The Beaufort-Mackenzie Basin is a petroleum exploration frontier region in Arctic Canada that has attracted considerable industry attention and investment. It contains more than 14 km of post-rift Upper Cretaceous to Cenozoic deltaic and marine sediments and is underlain in part by Jurassic to Lower Cretaceous syn-rift strata and Triassic to Proterozoic pre-rift carbonate and clastic sediments. Published resource assessments for significant conventional discoveries yield estimates of 277.3 x 106 m3 (1.744 billion bbl) recoverable crude oil and 332.4 x 109 m3 (11.74 TCF) of recoverable natural gas and estimates for the remaining undiscovered recoverable petroleum are 856.5 x 106 m3 (5.39 billion bbl) and 1.5 x 1012 m3 (53.3 TCF) for crude oil and natural gas, respectively (Dixon et al., 1994). Gas hydrates form an immense unconventional gas resource with estimated volumes of raw natural gas in place exceeding total conventional gas estimates by a factor of approximately 2.3 to 5.6, depending on gas hydrate saturation (Osadetz and Chen, 2005).

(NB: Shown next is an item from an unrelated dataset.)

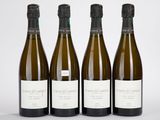 trois bouteilles de vin posées l'une à côté de l'autre sur une table
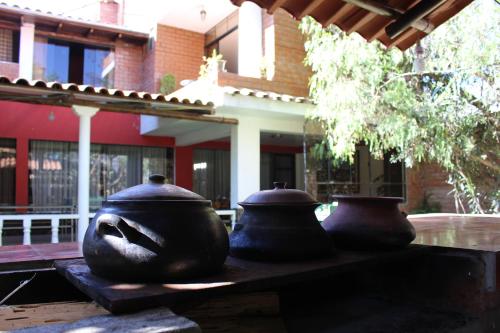 three large vases sitting on a table in front of a building at Casa Hospedaje"Los Capulies" in Carhuaz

For over eight years, the Geological Survey of Canada has been involved with an industry-government funded quantitative study of Beaufort-Mackenzie petroleum systems and has assembled and interpreted digital seismic data, and log and drilling data for over 250 exploration wells. In addition, specialized analyses were undertaken on an extensive set of core, cuttings and oil samples. Study activities include biostratigraphy, palynology, organic geochemistry, organic petrology, geophysics, structure, stratigraphy, log analysis, petrophysics, water geochemistry, apatite fission track thermochronology, basin modeling, and petroleum resource assessment and mapping. This integrated work has led to new ideas on oil source rocks and an improved understanding of the geological factors controlling pore pressure and temperature for this area.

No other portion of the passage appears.